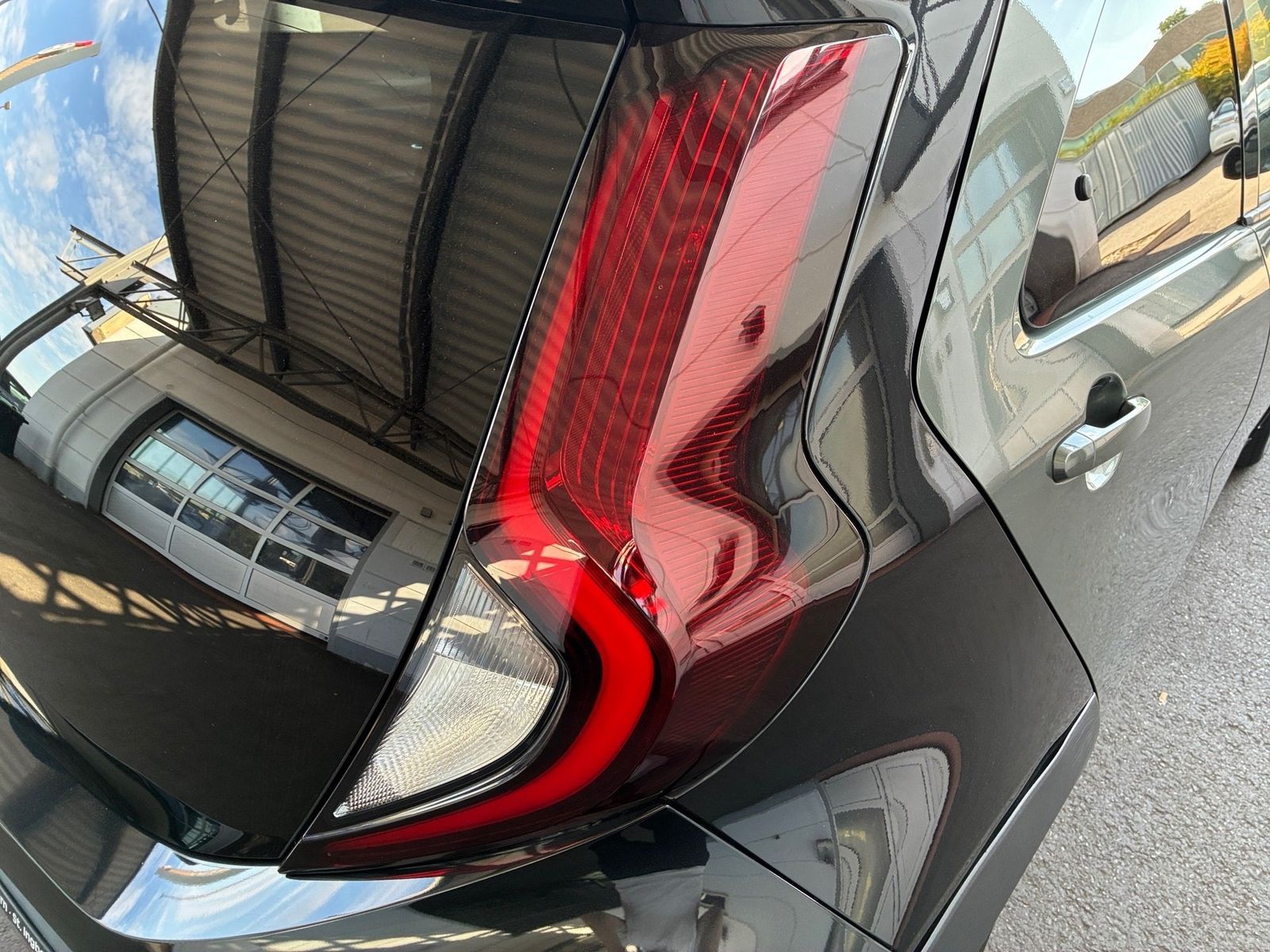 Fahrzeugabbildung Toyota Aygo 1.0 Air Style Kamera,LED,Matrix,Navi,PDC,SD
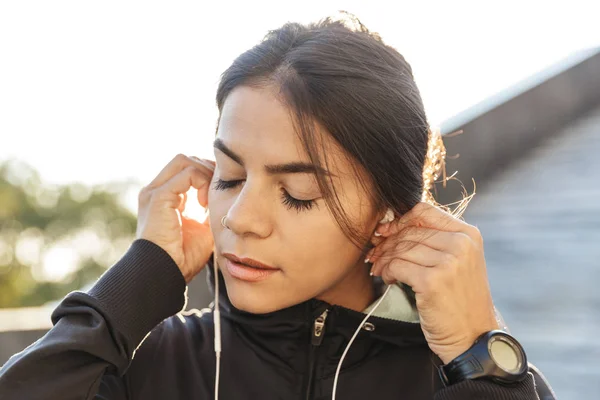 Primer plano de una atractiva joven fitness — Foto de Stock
==
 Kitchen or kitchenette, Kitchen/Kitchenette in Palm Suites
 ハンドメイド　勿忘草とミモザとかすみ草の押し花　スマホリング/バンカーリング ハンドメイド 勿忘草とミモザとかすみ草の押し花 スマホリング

**Brief:** In the records above, everything from the line with "Fahrzeugabbildung Toyota Aygo" down to the line with "Primer plano de" is to be set down exactly, both ends included, with no pictures and no other lines.

**Result for this exercise:**
 Fahrzeugabbildung Toyota Aygo 1.0 Air Style Kamera,LED,Matrix,Navi,PDC,SD
 Primer plano de una atractiva joven fitness — Foto de Stock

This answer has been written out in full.